Somalia berada di jurang kehancuran sejak tahun 1991, ketika panglima perang saat itu menggulingkan diktator Siad Barre. Peristiwa itu menandai dimulainya perang saudara. Selama bertahun-tahun, kelompok militan merengguk keuntungan dari kekosongan politik.
Nazlin Umar Rajput, seorang analis politik Somalia yang juga ketua Dewan Muslim Nasional Kenya mengatakan, ia percaya pilpres dapat mengubah wajah Somalia.
"Ini telah menyegarkan harapan di hati rakyat Somalia, Kenya, kawasan, dan juga dunia. Saya berharap presiden akan membawa Somalia ke arah baru bagi rakyat dan kawasan," tutur Rajput.
Ismael Gure, ketua Asosiasi Bisnis di Mogadishu menegaskan, bahwa negaranya selama ini belum memiliki presiden yang terpilih secara demokratis sejak tahun 1969. Dan ia berharap, presiden baru akan memulihkan perdamaian dan memastikan rakyat berpartisipasi dalam pemilu berikutnya.
"Ini saatnya bagi negara kita untuk berkembang seperti negara-negara di Afrika Timur lainnya. Negara kita tidak lagi perlu terbagi oleh tribalisme. Kita memerlukan agar presiden baru memulihkan keamanan dan meningkatkan perekonomian," ungkap Gure.
"Dia akan menjadi presiden bagi seluruh negeri. Kali ini, parlemen tidak memilih seseorang berdasarkan klan, sebaliknya, sosok ini benar-benar mewakili kehendak rakyat," imbuhnya.
Sementara itu, Farmajo yang merupakan lulusan University of New York-Buffalo mengatakan akan memenuhi janjinya selama kampanye untuk meningkatkan keamanan, pendidikan, demokrasi, dan perekonomian.

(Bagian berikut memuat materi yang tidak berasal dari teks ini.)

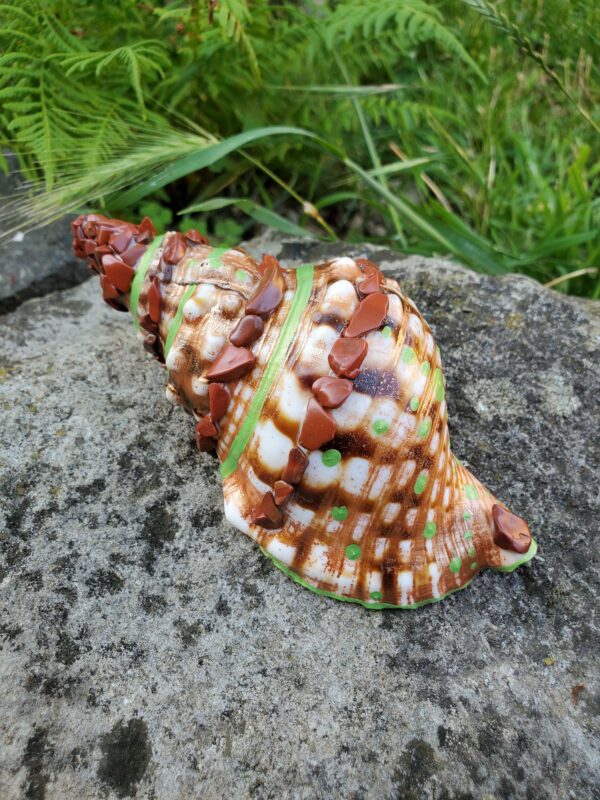 Coquillage en Jaspe Rouge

"Ini adalah kemenangan bagi Somalia dan rakyat Somalia," demikian pernyataan presiden baru itu yang juga merupakan ketua partai Tayo.
Sambutan positif atas pelantikan Farmajo juga datang dari kamp pengungsi Daadab di Kenya timur dan Eastleigh di Nairobi di mana ribuan warga Somalia berlindung setelah melarikan diri dari kekerasan dan kelaparan.
"Kami senang karena punya presiden baru. Kami butuh dia untuk memulihkan keamanan sehingga kami dapat kembali," ujar salah seorang pengungsi di Eastleigh yang juga dikenal sebagai 'Little Mogadishu'nya Nairobi, Amina Adan.
Hassan Abdi, seorang pengungsi di kamp Dadaab mengatakan, pemilu telah menandai babak baru bagi seluruh pengungsi Somalia yang tersebar di seluruh dunia.
"Harapan kami dimulai hari ini. Jika pemerintah Kenya menutup kamp, kami yakin dapat kembali ke rumah karena presiden baru telah bersumpah untuk melawan rasa tidak aman dan memastikan pengungsi bisa pulang," jelas Abdi.